Unbound

Bachelor of Architectural Design – Design Studio, Semester 1, 2018

STUDIO LEADER: Damien Thackray

Tags BASBAS2018Sem1Damien Thackray

Unbound introduces students to a site-specific design approach – the agency of site – with an emphasis on exploring the relationship between architecture and landscape.

The studio is part of a series of studios that explore this set of ideas at the intersection of river landscapes and urban conditions, and investigates new opportunities for reciprocal connection that stitches the two together across more meaningful everyday cycles of inhabitation and use.

The Yarra river elbow that the site is situated within is subject to daily tidal fluctuations and seasonal flash flooding. The bigger floods have long since been banished and exist only in local memory and archives. The studio re-imagines the site as both an acitve flood prone landscape and one in which climate change induced events are more frequent and and forceful. This dynamic context establishes the base condition – the proving ground –  that students will operate and speculate within.
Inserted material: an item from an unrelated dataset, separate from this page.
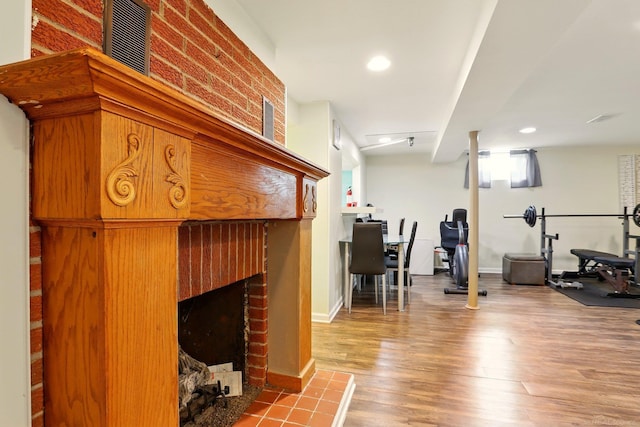 14810 28 Mile Rd, Washington, MI 48094 - exercise area featuring a fireplace, wood finished floors, recessed lighting, and baseboards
The flood event is used as a means of bringing architecture – and design thinking – into contact with the dynamic forces of natural phenomena and the potential of working with the agency of time and change. Rather than describing the flood event and the flux of the river landscape as a natural threat to be controlled and mitigated against, the studio asks what it might require to inhabit such a dynamic and shifting landscape.

Inviting the natural phenomena of the flood in creates conditions in which the architecture is required to yield – to dissolve, fragment, disburse, reconfigure, alter – and in so doing become inherently more reciprocal, porous, adaptive and resilient.

One of the key interests of the studio is the idea of memory – historical, cultural, ecological – and how it might be physicalized in an architecture that remembers; an act of resistance as counter to the tendency towards amnesia .

The project is a reconfigured river edge that opens up and expands opportunities for connection and use, including providing much needed additional civic space for local residents, the local primary school, cyclists and pedestrians. The new edge will house a performance/event pavilion, amenity such as cafés/bar, and a new Rivercare Centre and/or Community Library.

The studio provides students with the opportunity to work with and re-purpose existing infrastructure and light industrial building stock, and design new fit-for purpose architecture.

Students will be introduced to artists, architects and landscape architects working in the field. A range of local and international exemplary case study precedents will be studied and form a key component of the design process.

Students will work in a variety of mediums including physical and digital modeling, montage, diagramming, site mapping, drawing (hand and digital).